金足農だけじゃない!! 53年前にもさわやか旋風 初出場初優勝の三池工が演じた戦い

高校野球通信
甲子園球場近くの宿舎で、ジュースで乾杯する原貢監督(前列左から3人目)と三池工ナイン=1965年8月22日撮影

 8月に行われた第100回全国高校野球選手権大会では金足農(秋田)の躍進ぶりが注目を集めたが、53年前、1965年の第47回大会で旋風を巻き起こしたのが同じ公立で初出場初優勝の偉業を遂げた三池工(福岡)だ。金足農は農業高校初の全国制覇に一歩及ばなかったが、三池工は工業高校でこれまで唯一、夏の甲子園を制したチームでもある。

 三池工を率いたのは原貢(みつぐ)監督=2014年、79歳で死去。巨人の原辰徳前監督の実父で、エースの菅野智之投手の祖父に当たる。当時は東洋高圧工業(現三井化学)大牟田工業所に勤務し、夕方からチームを指導するサラリーマン兼務の監督だった。

 チームは2年生左腕の上田卓三(元南海=現ソフトバンクなど)の好投もあり、1回戦では優勝候補と目された高松商(香川)に延長十三回、2-1でサヨナラ勝ちして波に乗る。

 2回戦で東海大一(静岡=現東海大付属静岡翔洋)、準々決勝で報徳学園(兵庫)、準決勝で秋田を次々と撃破。そして8月22日の決勝で対戦したのは、優勝候補と前評判の高かった銚子商(千葉)だった。金足農の決勝戦で立ちはだかった相手が2度目の春夏連覇をねらう大阪桐蔭だったのと状況は似ていた。

 銚子商のエースは、この年秋の第1回プロ野球ドラフト会議で東京(現ロッテ)に2位指名されて入団、通算112勝を挙げる超高校級右腕の木樽正明だった。だが、苦戦の予想された三池工ナインは堂々の戦いぶりをみせる。

 両チーム無得点で迎えた七回の攻撃で三池工は木樽のカーブに的を絞る。1死後、林田俊雄が遊撃内野安打で出塁。池田和浩は四球を選び、続く瀬川辰雄は三振に倒れたが、2死一、二塁から穴見寛がカーブを左前適時打し、ついに先制点をもぎ取った。

 さらに二、三塁から相手のバッテリーミス(記録はパスボール)で貴重な2点目を追加。エースの上田はゆったりとしたフォームからコーナーを突くカーブがさえ渡り、銚子商の強力打線にわずか3安打しか許さず完封。決勝の大舞台でジャイアント・キリング(大番狂わせ)を実現した。

 無名校のナインを猛練習で鍛え上げ、全国の頂点へ立った原監督は、「チームの和と、根性の勝利です。一人一人の力の結晶です。負けてもともと、欲はありませんでした」(同年8月23日付サンケイスポーツ)と涙をこらえながら喜びを口にした。
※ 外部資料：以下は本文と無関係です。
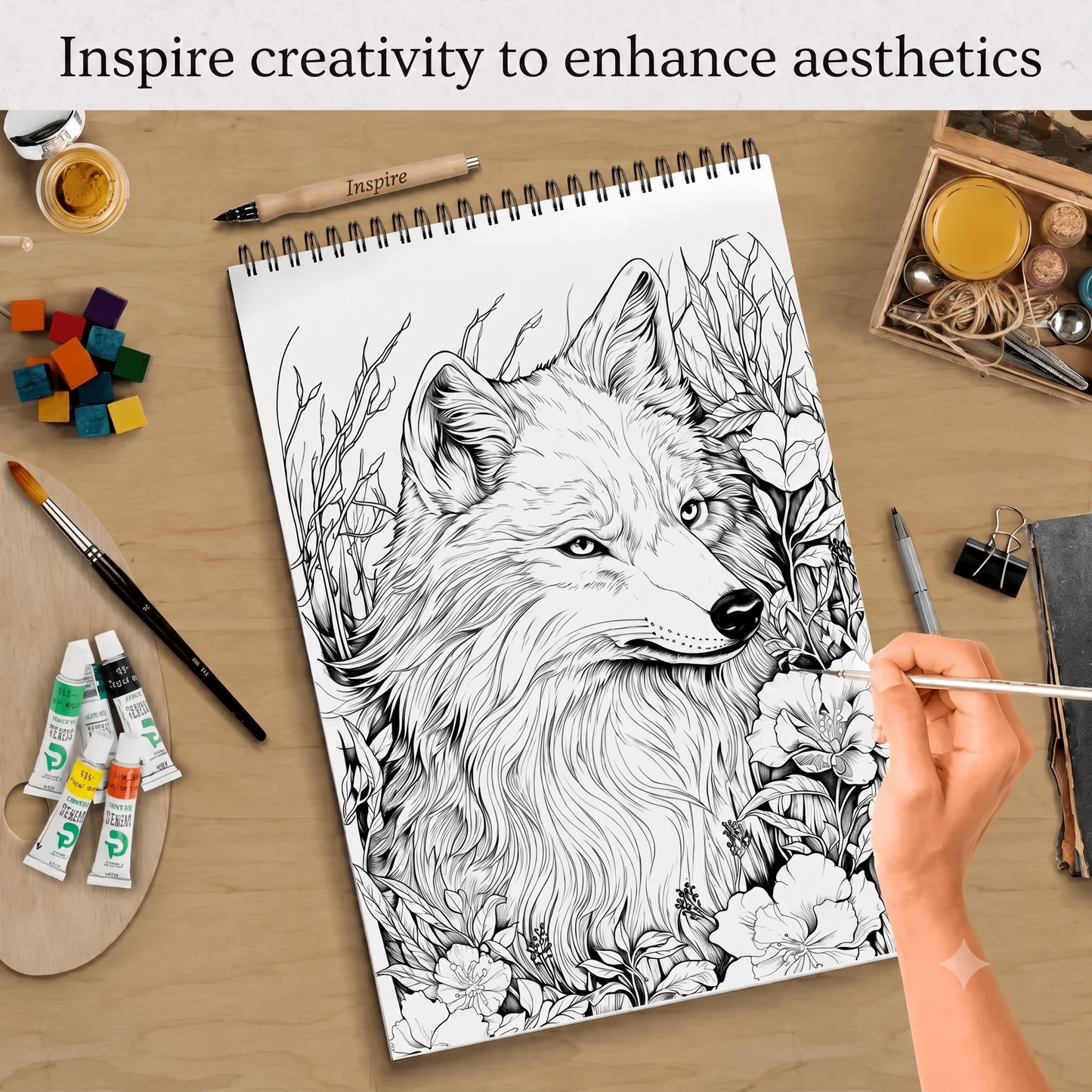Mindfulness coloring book for adults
 三池工の立地する福岡県大牟田市は三池炭鉱で有名だが、当時は労働争議(三池闘争)や大勢の犠牲者を出す炭塵(たんじん)爆発事故があり、街の雰囲気は沈んでいた。家族が炭鉱関係者の選手もいた三池工の優勝は地元を活気づける久しぶりの明るい話題となり、大牟田市や九州だけでなく、全国の高校野球ファンの胸を打った。
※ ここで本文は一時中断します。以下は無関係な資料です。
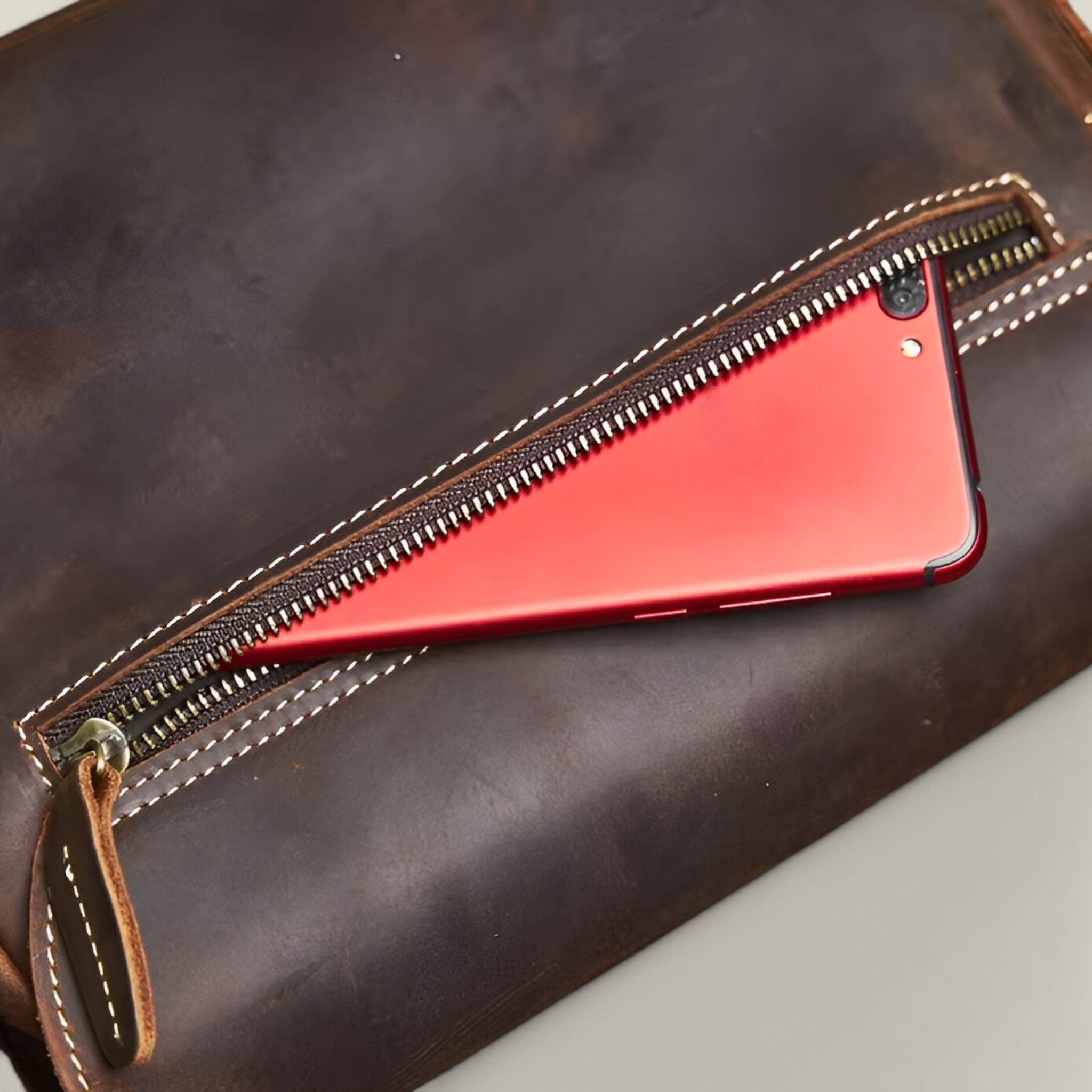 Caleb | Sac à bandoulière vintage - Intemporel et pratique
 ノンフィクション作家の沢宮優さんは著書「炭鉱町に咲いた原貢野球」(集英社文庫)の中で「優勝が炭鉱不況という時代の流れの中での清涼剤となり、若い素朴な高校生と青年監督の力が、激しい争いを続けた大人たちの感情を一つにし、明るくさせた(中略)そんな不思議な力が高校野球には、すべてのスポーツには本来ある」とつづっている。